In his *Psychotheology of Everyday Life* Eric Santner recounts Holderlin's definition of beauty as "The one differentiated in itself." As far as I can tell, the definition has a tortuous genealogy, dating as far back as Heraclitus--Hen Diapheron Heauto--to which Plato refers in the *Symposium*. Beauty as that which is internally divided, self-contradictory, un-sutured, domestically disjoined, aporetic. Of course, such an understanding flies in the face of more conventional understandings of beauty as harmonizing, balanced, and symmetrical. For Holderlin (for Heraclitus), beauty is not equated with aesthetic totalization. But, for Santner, nor is it "a merely melancholic or romantically ironic index of the incomplete aspect of all human endeavors, an aesthetically rendered insistence on the fragmentation constitutive of human experience. Rather it is one of the occassions, one of the ways in which the defenses that keep human beings from inhabiting the midst of life can be disarmed. That is, beautiful objects are disarming not in the sense of releasing us, once and for all, from the too much of excitation that is, at some level, constitutve of human life, but rather in the sense of loosening our defenses, opening beyond our stuckness in an especially rigid and defensive organization of this pressure." In other words, beauty, and beautiful objects, are such because of the way they render us defenseless against the rush of life. In witnessing the writhing tensions that dwell at the center of beautiful objects, we are folded back on ourselves in a way that opens for us a sublime field of freedom.

I submit that, according to this (astonishing) definition, our ever-mulitplying scenes and contexts of post-conflict trauma--from Bosnia and Rawanda, to South Africa and Argentina--are beautiful. Perverse sounding I'm sure this is. Surely, a setting torn by past violence ought correspond with something aesthetically monstrous. And yet, it makes sense for those of us who disparage the rhetoric of harmonizing reconciliation that consumes these contexts. All too often, in the wake of some terrible episode of genocidal mania, a call for apology, forgiveness, and amnesty is made. On the ground, such a limiting mode of reconciliation resolves in the harrowing and deservedly notorious slogan, "fogive and forget." Here reconciliation tends to look more like surrender and assimilation of the victim to his perpetrator. The more radical types will appeal to a politics of reparations. In this case the trouble lies in the fundamental impossibility of quantifying suffering. Reducing pain to a monetary sum means sublimating it into use-value, something which all too often unwittingly reproduces the very logic which impelled the violent episode in the first place.

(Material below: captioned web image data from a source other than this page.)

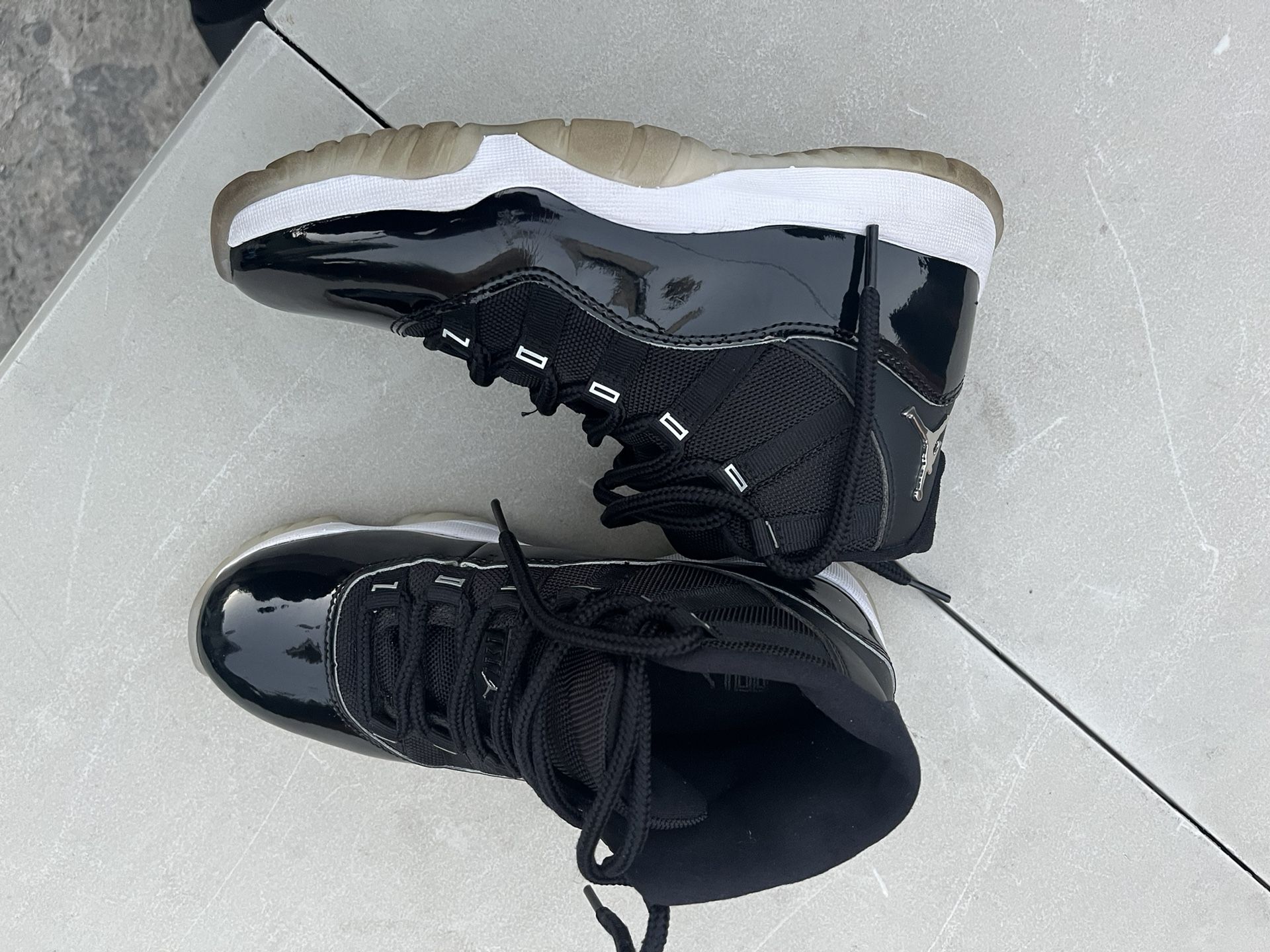 Jordan 11s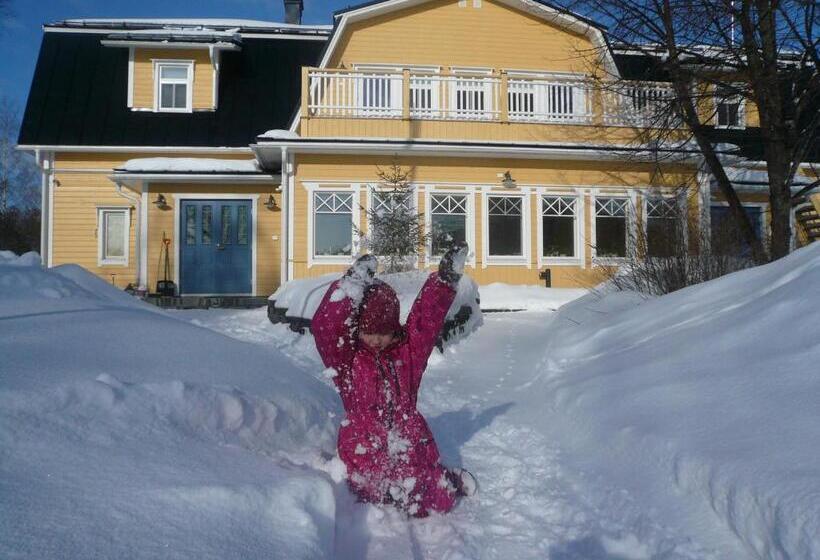 فندق B&b Lomamokkila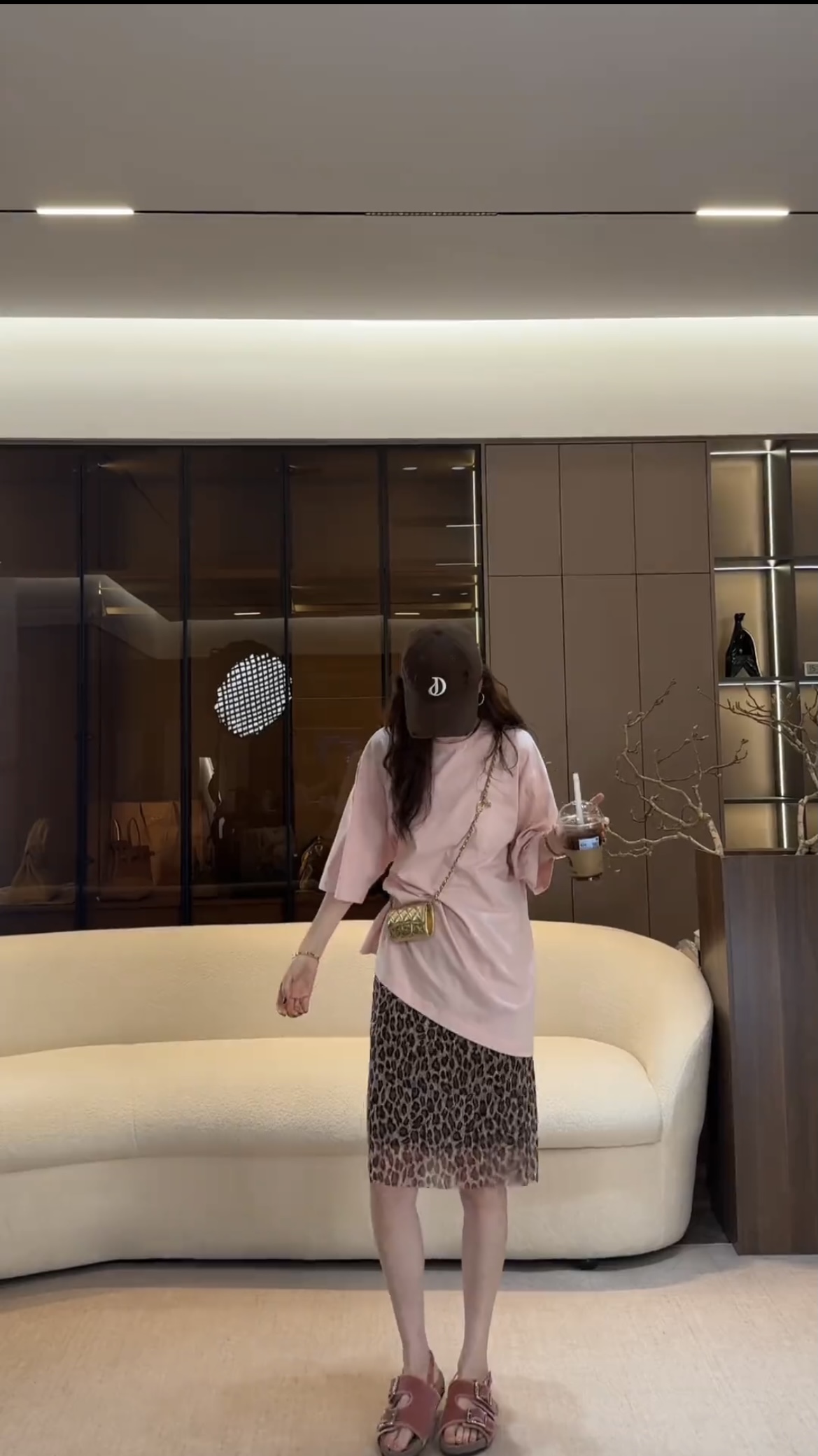 jing dian 작은 대중 맞춤 섹션 핑크색 인터넷 에디션 라운드 넥 대 에디션 티셔츠 패션 품격 캐주얼 t 플러스 반 스커트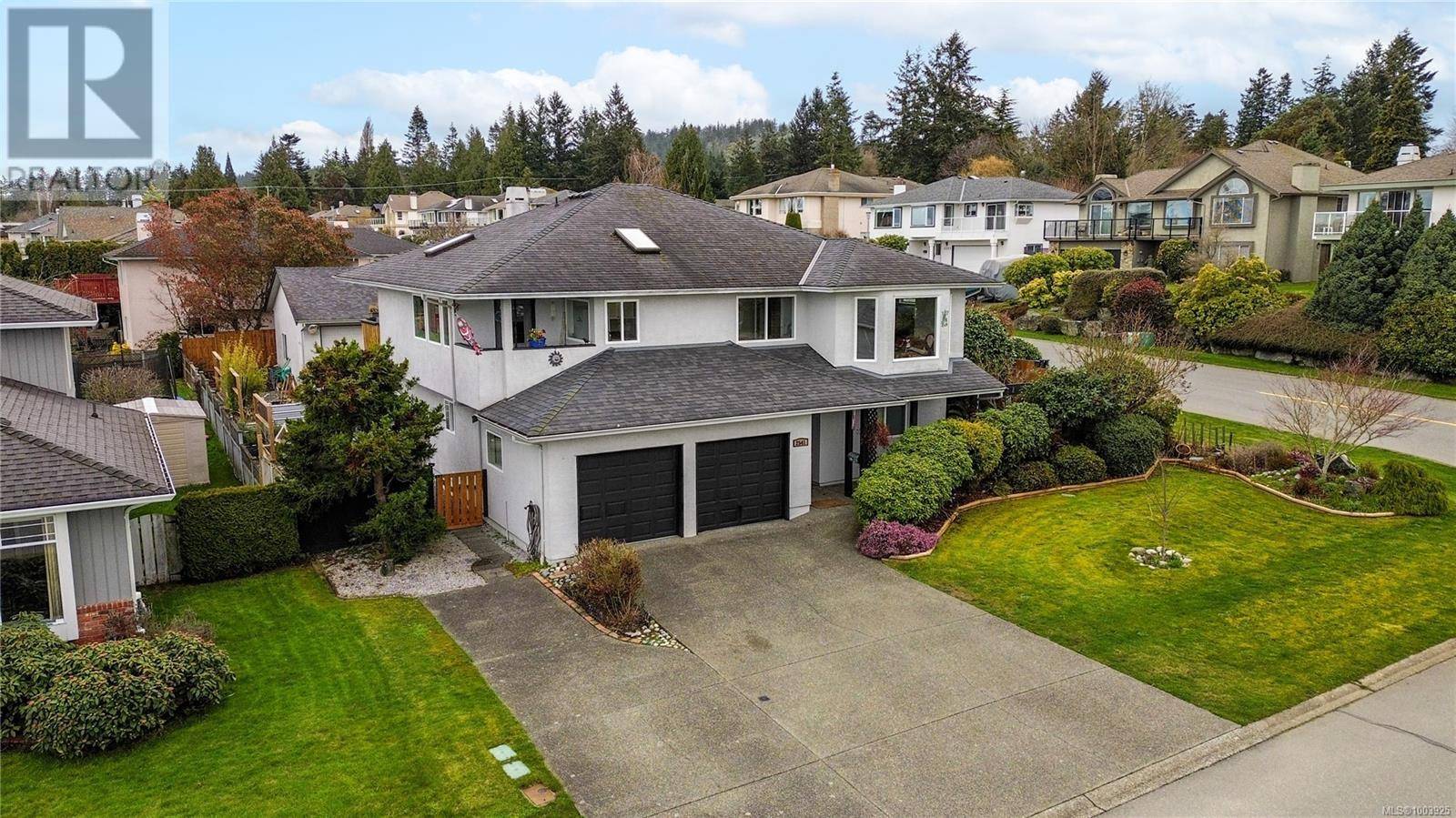 2541 Wilcox Terr, Central Saanich, BC V8Z7G5
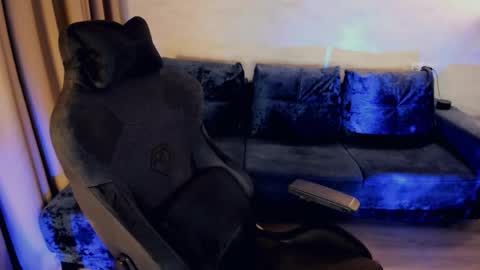 crystalemily online show from February 24, 2025, 8:14 pm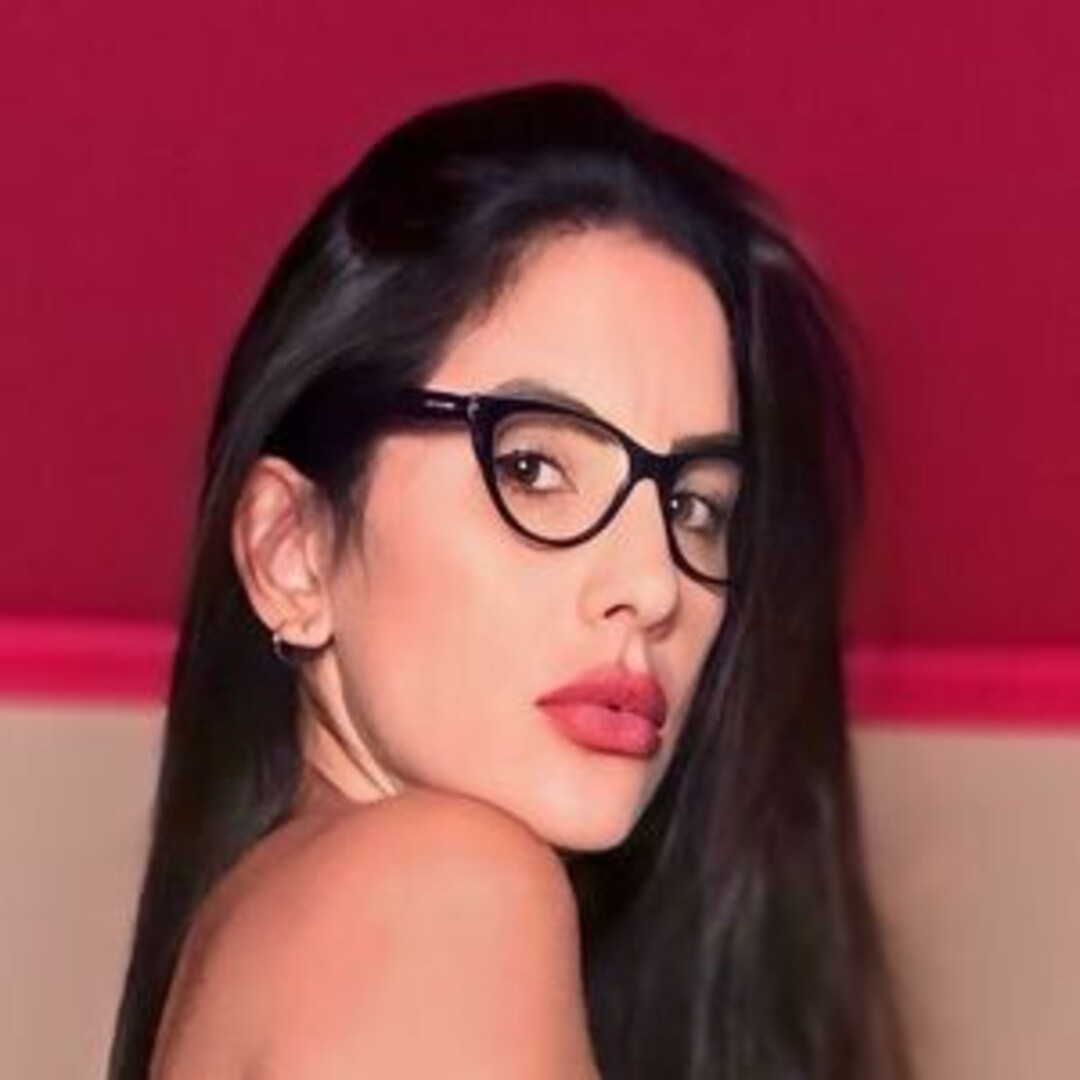 Soledad Cescato perfect actress pics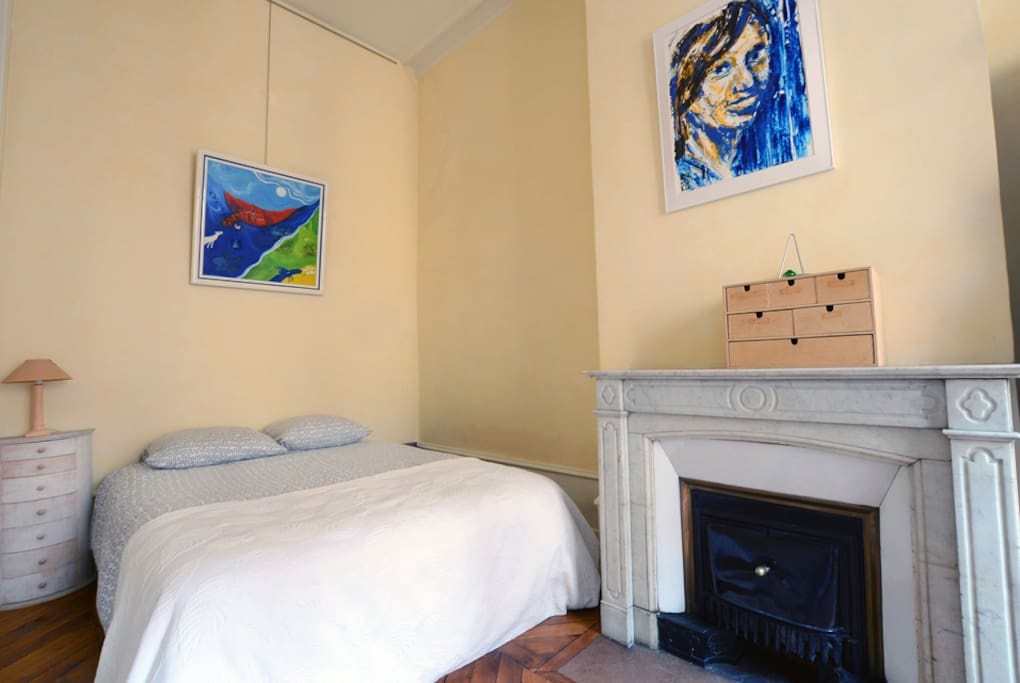Chambre 2 avec cheminée decorative. Piece très lumineuse avec un grand placard.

In opposition to these feeble measures stands one that avows the irreconciliability of certain situations. Here resentment is not thought as some affect debilitating for the reconstruction of a totalizing (and totalized) society built on foundation the of mutual respect. Instead, resentment is affirmed as the very basis of reconciliation itself, understood as the ceaseless striving for an impossible telos of forgiveness. This would be a post-conflict society riven by its internal divisions. The antagonisms which deservedly arise out of the violent conflicts of the past would not be smoothed over but rather confronted and embraced, lived out to their very agonic limit. This would be a beautiful society, inhabiting the very midst of a life held in common by that which divides it from the inside.

This, I maintain, is precisely the beauty Lacan refers to in his seminar on ethics, when he writes,

"The true barrier that holds the subject back in front of the unspeakable field of radical desire that is the field of absolute destruction, of destruction beyond putrefaction, is properly speaking the aesthetic phenomenon where it is identified with the experience of beauty—beauty in all its shining radiance, beauty that has been called the splendor of truth."